The Doctor’s face took on a pained expression. “That is a rather odd way to say ‘thank-you for repairing our ill-conceived—’”

“Doctor.” The Captain shook his head as he finished unlocking and opening the door, his lighthearted smile dropping back into a frown. “It just took us two hours to fix your improvements and we'd appreciate it if you at least tried to act sorry about it.”

“I suppose I could try to act that way. Oh, but I never was very good at theatre.”

Captain Laurels rolled his eyes and lead the Doctor from the holding area.

After some turns down a few identical hallways, they were joined by Sergeant Hearty. “Ditzy is pretty worried about you, Doctor.” He paused a moment. “So, how long have you two been a thing anyways?”

The Doctor scoffed. “A… thing? No. No no, you misunderstand; we are merely… traveling companions!”

“Methinks thou doth protest too much, Doctor,” Captain Laurels said flatly as he opened a set of large bronze double doors. If the sign above the doors was to be believed, the room beyond was the containment chamber.

A brief glance around showed the Doctor that the room was paneled with a purple-veined white marble and decorated with glowing sigils which covered the walls, floors, and ceiling. His eyes were drawn to the single stone pedestal in the center of the room, which scintillated in a variety of different colors. “Likely chosen by the Princess for its magical conductivity,” he muttered to himself. The symbols etched into its surface were more intricate than those of the surrounding room. Upon it lay a plain glass case with a hoof-sized opening.

Within the glass was what he had come here to face.

The Doctor looked from the pedestal and back to his escorts.
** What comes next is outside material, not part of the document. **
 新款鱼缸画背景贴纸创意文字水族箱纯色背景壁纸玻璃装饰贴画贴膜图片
“So,” the Captain gave the Doctor a look as he spoke, “I assume the Princess told you how this works when you broke into her observation room?”

“Well, I definitely entered, but I don't recall breaking anything.”
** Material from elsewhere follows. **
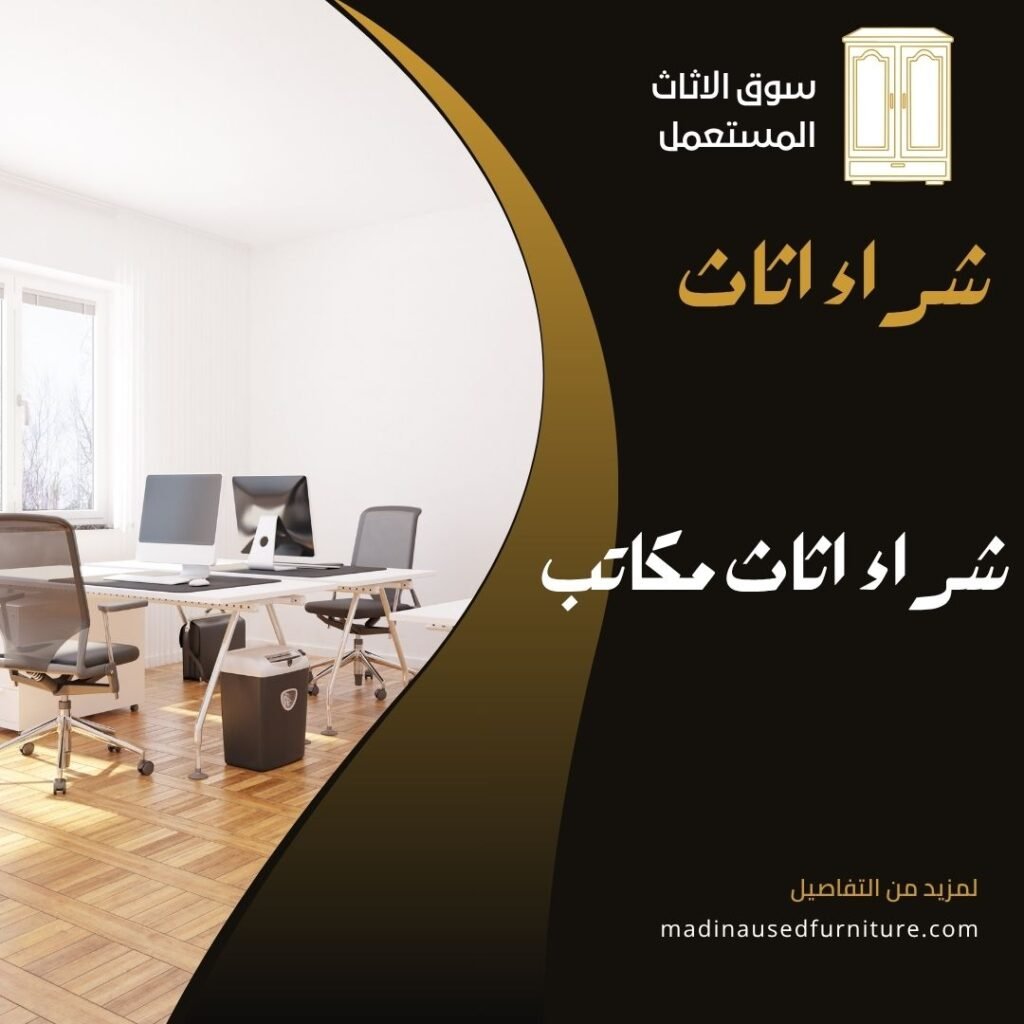 شراء اثاث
Captain Laurels ignored that. “Only touch the Amulet. Don't pick it up, try to wear it—”

“Right, well, thank you gentlecolts, but off you go then.”

Sergeant Hearty’s eyes widened a bit. “Excuse me?”

“Ah, yes, you are excused. It’s safer if you stand outside and close those doors.”

Captain and Sergeant exchanged a look of worry.

The Captain turned back to the Doctor. “You have to know that the procedure is that we stay in the room to prevent you from actually donning the Amulet, right?”

“I know your current procedure. Now, I do apologize for imposing my improvements earlier, but I am afraid I must insist in this case; if I do succumb to the Amulet, I'm afraid your presence in the room will only serve to endanger you.”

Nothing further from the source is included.